// Tech

Three.js AnimationMixer — Playing Skeletal Animations

AnimationMixer plays animations baked into glTF files — walk cycles, idle animations, custom rigs from Blender or Maya.

AnimationMixer in Three.js plays animation clips embedded in glTF files. Modeled and rigged in Blender, Maya, or Cinema4D, baked into glTF as keyframe tracks, played in Three.js with crossfade between clips. Common use cases: a character walk-and-idle for portfolio sites, a watch hand sweep for product configurators, a logo unfold animation for hero scenes. The mixer handles blending, timing, and event callbacks (fire something at a specific frame). For complex character animation with state machines (walk → run → jump), I sometimes layer GSAP timelines on top to drive the mixer's time scrubbing — gives more control than the default action API.

Performance budget

Lighthouse mobile target: 85+ across all categories. I measure on real devices, not just emulator. Asset compression: glTF + Draco for meshes, KTX2 for textures, Brotli for shaders. Lazy-load any three js animation mixer scene that isn't above the fold so the first paint stays under 1.5s.

When this is overkill

If the goal is a simple e-commerce listing or content blog, a full three js animation mixer setup is overkill — a CSS-driven hero plus static images converts just as well at 1/10 the cost. three js animation mixer earns its keep when the brand needs a memorable visual moment or when 3D actually clarifies the product (configurators, tours, demos).

What you get hands-off

After delivery: source repository on GitHub (private), commented code, a 5-min Loom walkthrough explaining the scene logic, and the asset pipeline documented. First year of hosting and minor revisions is included. After that we agree on a maintenance plan if needed.

What this delivers

Concrete output: a working three js animation mixer integration on a real production site, not a demo. The integration includes device-tier detection so weak phones get a lighter version automatically. Source files are handed over in their original formats — Blender, GLSL, glTF — so any future developer can continue where I stopped.

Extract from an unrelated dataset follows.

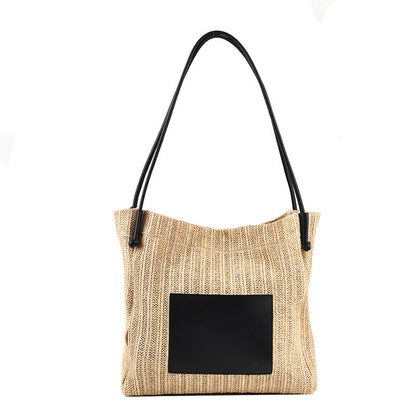Bolso hobo de paja, bolso de paja versátil para mujer, bolso hobo de hombro a la moda, bolso tote de gran capacidad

Frequently asked questions

Why pick this technology over alternatives?
It has the largest production-quality ecosystem, the most documentation, and the most experienced developers available. For a site you want to maintain for 3+ years, ecosystem maturity matters more than feature peak.
What if a newer tool comes out next year?
I track new tooling and migrate when it makes sense, but only after the new tool ships stable production releases for at least 6-9 months. I don't rebuild client sites on bleeding-edge tools — that's the path to broken sites.
How long does this take?
Standard scope: 4-6 weeks from contract signature to live site. Larger scope (configurator, multi-scene scrollytelling) takes 8-12 weeks. Rush projects (2-3 weeks) are accepted with a 30-40% rush surcharge.
What does it cost?
Hero-section 3D upgrade: \$1,500-\$2,500. Full multi-scene 3D site: \$3,500-\$8,000. Configurator with custom shaders: \$5,000-\$12,000. All fixed-price, source code included. EUR equivalents on request.
What if my visitors are on weak phones?
The site detects device tier before the first scene loads and serves a lighter version on weak hardware (fewer particles, simpler shaders). Devices without WebGL get a static fallback that preserves the visual language and conversion path.

Ready to ship a 3D experience?

Tell me what you need — fixed price, fixed deadline, no surprises.